Que signifie l’expression « nouvelles forces de production » ?

Ce concept englobe trois volets politiques généraux : mettre à niveau les chaînes d’approvisionnement industrielles de la Chine, encourager les industries émergentes et futures, et stimuler l’innovation dans son économie numérique. Plus précisément, ces politiques aideront la Chine à consolider ses avantages dans le domaine de la fabrication des véhicules électriques et de panneaux solaires; elles contribueront à accélérer les progrès dans d’autres secteurs d’avant-garde tels que l’énergie d’hydrogène, les nouveaux matériaux (c’est-à-dire les matériaux de production récemment développés, tels que les matériaux composites avancés qui ont des propriétés améliorées et des performances supérieures), la biofabrication, les sciences de la vie, l’aviation commerciale et la technologie quantique.

China's President Xi Jinping (L) and China's Premier Li Qiang
Le président chinois Xi Jinping (à gauche) et le premier ministre chinois Li Qiang arrivent à la session de clôture du 14e Congrès national populaire au palais de l’Assemblée du peuple à Beijing, le 11 mars 2024. | Photo Greg Baker/FAP via Getty Images

Le concept vise à soutenir la transition pour que l’économie chinoise s’éloigne des modèles de croissance passés, qui misaient sur une forte croissance et reposaient sur des secteurs comme l’immobilier et les exportations exigeantes en capital et en main-d’œuvre.
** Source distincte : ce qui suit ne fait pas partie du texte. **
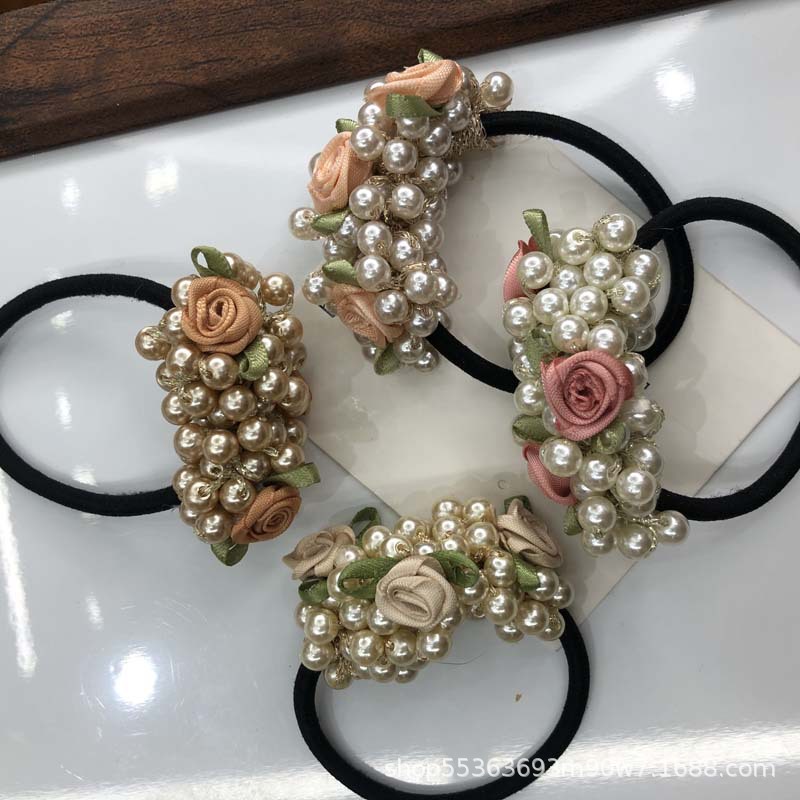 Korean-Style Cute Flowers Pearl Hair Band Women's Korean-Style Hairtie Top Cuft Ins Hair Accessories Woven Headband Hair Rope Headdress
Le nouveau modèle est celui d’une croissance économique plus lente, mais aussi plus durable; son objectif est que la Chine garde une mesure d’avance dans les secteurs de haute technologie et de grande valeur, tels que la fabrication intelligente, les semi-conducteurs de pointe, les communications de la prochaine génération et l’intelligence artificielle (IA).

Quelles sont les implications de cette nouvelle politique industrielle pour le secteur privé chinois ?

Beijing a récemment indiqué vouloir rassurer son secteur privé, ce qui suggère que les entreprises privées pourraient avoir le même accès aux ressources de l’État que les sociétés à capitaux publics. Le gouvernement central souhaite que les entreprises privées jouent un rôle de premier plan dans l’innovation.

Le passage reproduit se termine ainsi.